Specialistisch (80 uur)

 

 


Het specialistische deel van de opleiding bestaat uit twee onderdelen:

  • (Intieme) relaties onder druk
  • Werken met protocollen en richtlijnen

(Intieme) relaties onder druk
Het onderzoeken en analyseren van door meningsverschil en conflict gedomineerde escalerende interactiepatronen tussen al dan niet intieme partners staat in deze deelcursus centraal. Denk aan de interactie tussen intieme partners, de ouder-kind interactie, de samenwerking tussen hulpvrager en hulpverlener en tussen hulpverleners onderling of aan samenwerking in nog grotere contexten van organisaties en instellingen. Analyses worden gestuurd vanuit de samenhang tussen: nabijheidregulatie, macht en responsiviteit. In intieme relaties wordt het thema collusie en gender toegevoegd en wordt gebruik gemaakt van de diagnostische modellen van Gottman en Scheinkman. Samenwerkingsproblemen tussen hulpvrager en hulpverlener alsook tussen hulpverleners onderling kunnen leiden tot stagnatie in de hulpverlening en tot crises. De meervoudige systemen benadering (Larger systems ) onderzoekt problemen in de context van de behandeling. Deze context is groter en machtiger dan het gezinssysteem. Denk aan: verwijzers, eerdere hulpverleners, intakeprocedures, de tradities en rituelen van de behandelende organisaties, het team van de hulpverlener en onduidelijke behandelplanning. De behandelingscontext kan problemen creëren, instandhouden en gezinstherapeutische interventies negatief beïnvloeden.

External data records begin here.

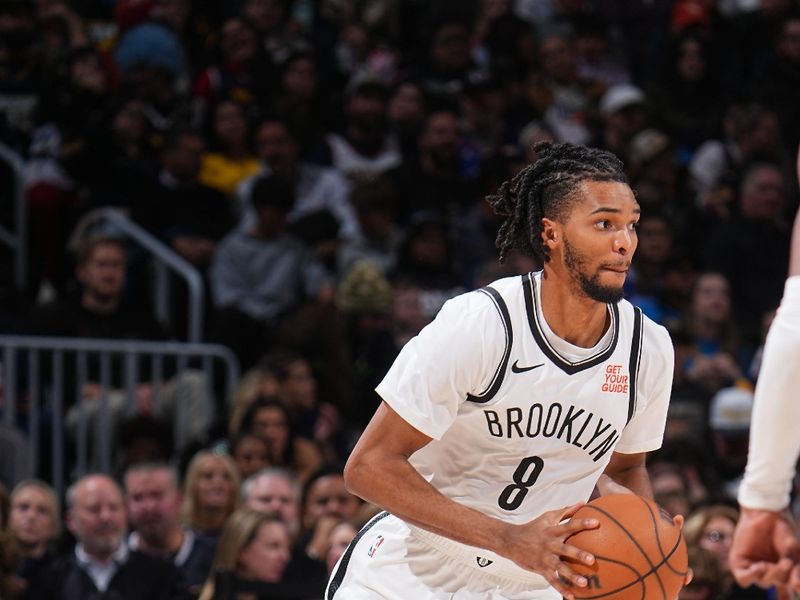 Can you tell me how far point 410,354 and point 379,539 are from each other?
629mm

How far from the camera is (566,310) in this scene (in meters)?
4.35

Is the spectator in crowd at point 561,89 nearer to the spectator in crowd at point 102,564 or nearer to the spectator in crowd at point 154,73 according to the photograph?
the spectator in crowd at point 154,73

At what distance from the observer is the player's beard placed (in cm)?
418

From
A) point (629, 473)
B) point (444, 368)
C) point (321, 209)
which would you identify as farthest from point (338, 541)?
point (321, 209)

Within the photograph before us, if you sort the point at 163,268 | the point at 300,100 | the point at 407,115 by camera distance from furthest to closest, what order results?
the point at 300,100 → the point at 407,115 → the point at 163,268

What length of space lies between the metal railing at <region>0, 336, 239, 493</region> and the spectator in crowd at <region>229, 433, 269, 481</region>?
76 cm

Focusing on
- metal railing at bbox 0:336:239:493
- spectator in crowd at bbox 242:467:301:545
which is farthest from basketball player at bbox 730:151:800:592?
metal railing at bbox 0:336:239:493

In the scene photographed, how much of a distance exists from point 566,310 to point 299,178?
720 centimetres

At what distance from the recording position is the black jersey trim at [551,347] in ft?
14.1

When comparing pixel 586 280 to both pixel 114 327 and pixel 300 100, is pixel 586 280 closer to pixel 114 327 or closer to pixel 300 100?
pixel 114 327

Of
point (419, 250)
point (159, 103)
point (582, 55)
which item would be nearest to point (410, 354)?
point (419, 250)

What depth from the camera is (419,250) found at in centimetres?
1040

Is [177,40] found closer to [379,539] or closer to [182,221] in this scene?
[182,221]

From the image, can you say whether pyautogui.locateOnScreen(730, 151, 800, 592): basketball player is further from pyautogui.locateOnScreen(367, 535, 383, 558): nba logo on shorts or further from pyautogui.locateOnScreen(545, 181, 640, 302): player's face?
pyautogui.locateOnScreen(367, 535, 383, 558): nba logo on shorts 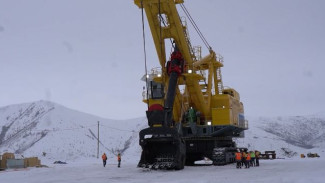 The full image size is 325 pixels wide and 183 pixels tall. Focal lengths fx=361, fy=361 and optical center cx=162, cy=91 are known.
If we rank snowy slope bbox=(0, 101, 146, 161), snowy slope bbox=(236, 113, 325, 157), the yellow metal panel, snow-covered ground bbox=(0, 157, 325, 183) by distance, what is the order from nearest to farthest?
snow-covered ground bbox=(0, 157, 325, 183) < the yellow metal panel < snowy slope bbox=(236, 113, 325, 157) < snowy slope bbox=(0, 101, 146, 161)

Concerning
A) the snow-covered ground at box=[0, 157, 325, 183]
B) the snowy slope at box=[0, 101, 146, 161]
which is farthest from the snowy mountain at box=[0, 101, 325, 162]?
the snow-covered ground at box=[0, 157, 325, 183]

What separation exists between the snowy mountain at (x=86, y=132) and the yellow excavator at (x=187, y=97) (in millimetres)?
44828

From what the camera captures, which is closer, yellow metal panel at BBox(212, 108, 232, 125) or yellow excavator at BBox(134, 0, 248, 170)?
yellow excavator at BBox(134, 0, 248, 170)

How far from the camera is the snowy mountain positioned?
265 feet

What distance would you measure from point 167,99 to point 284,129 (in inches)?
4051

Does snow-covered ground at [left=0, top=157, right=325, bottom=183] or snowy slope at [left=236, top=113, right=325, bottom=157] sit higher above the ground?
snowy slope at [left=236, top=113, right=325, bottom=157]

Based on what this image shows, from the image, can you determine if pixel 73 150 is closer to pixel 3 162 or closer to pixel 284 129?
pixel 3 162

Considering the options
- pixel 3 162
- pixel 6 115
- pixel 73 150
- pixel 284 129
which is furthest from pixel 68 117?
pixel 3 162

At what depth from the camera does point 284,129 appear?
115 metres

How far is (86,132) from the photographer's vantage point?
100312 mm

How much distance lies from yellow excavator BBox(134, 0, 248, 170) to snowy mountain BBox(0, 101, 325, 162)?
44.8 meters

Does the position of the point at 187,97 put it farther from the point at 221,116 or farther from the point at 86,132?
the point at 86,132

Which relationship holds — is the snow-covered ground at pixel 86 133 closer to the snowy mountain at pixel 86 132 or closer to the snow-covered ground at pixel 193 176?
the snowy mountain at pixel 86 132

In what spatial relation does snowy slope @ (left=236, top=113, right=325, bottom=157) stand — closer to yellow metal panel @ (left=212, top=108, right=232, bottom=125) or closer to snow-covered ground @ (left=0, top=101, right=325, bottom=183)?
snow-covered ground @ (left=0, top=101, right=325, bottom=183)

Werken met protocollen en richtlijnen
In deze deelcursus staat het werken met gezinnen en echtparen centraal, bij wie zich psychopathologische symptomen voordoen. De nadruk ligt op de samenhang tussen ontwikkelingspsychopathologische verschijnselen van gezinsleden, de fase waarin het gezin of echtpaar zich bevindt en specifieke gezinsconstellaties. De cursist leert psychopathologie van kinderen, jeugdigen en volwassenen te herkennen en in de gezinscontext te plaatsen: de én - én benadering. De interactie tussen deze twee beschrijvingen van de psychologische werkelijkheid staat continu in de aandacht. Het doel is vanuit de samenhang tussen taxatie van de inhoud van de last èn interactietypologie te leren kiezen voor een directe of indirecte therapeutische benadering. Hierbij wordt gewerkt met protocollen en richtlijnen en andere interventies die zoveel als mogelijk evidence based zijn. Specifieke gezinsconstellaties en ouder- en gezinsomstandigheden zoals Echtscheiding, het Nieuwe Stief Gezin, Pleeg- en Adoptief gezin, Zelfde-sekse ouders, Psychische problemen van ouders (KOPP-problemen), Alcohol en drugsproblemen, Verlies en rouw, Incest en Seksueel misbruik, komen aan bod. Hierbij wordt geleerd om te werken met het genogram, narratieve en oplossingsgerichte interventies, intergenerationele aspecten, gezinsstructuur analyses en het gezinsfase stressoren model. Er is specifieke aandacht voor het gebruiken van de richtlijn voor Systemische Consultatie. Deze kan bij gestagneerde hulpverleningssysteem soms nog een kans bieden om de door de stagnatie ontstane schade voor alle partijen te beperken.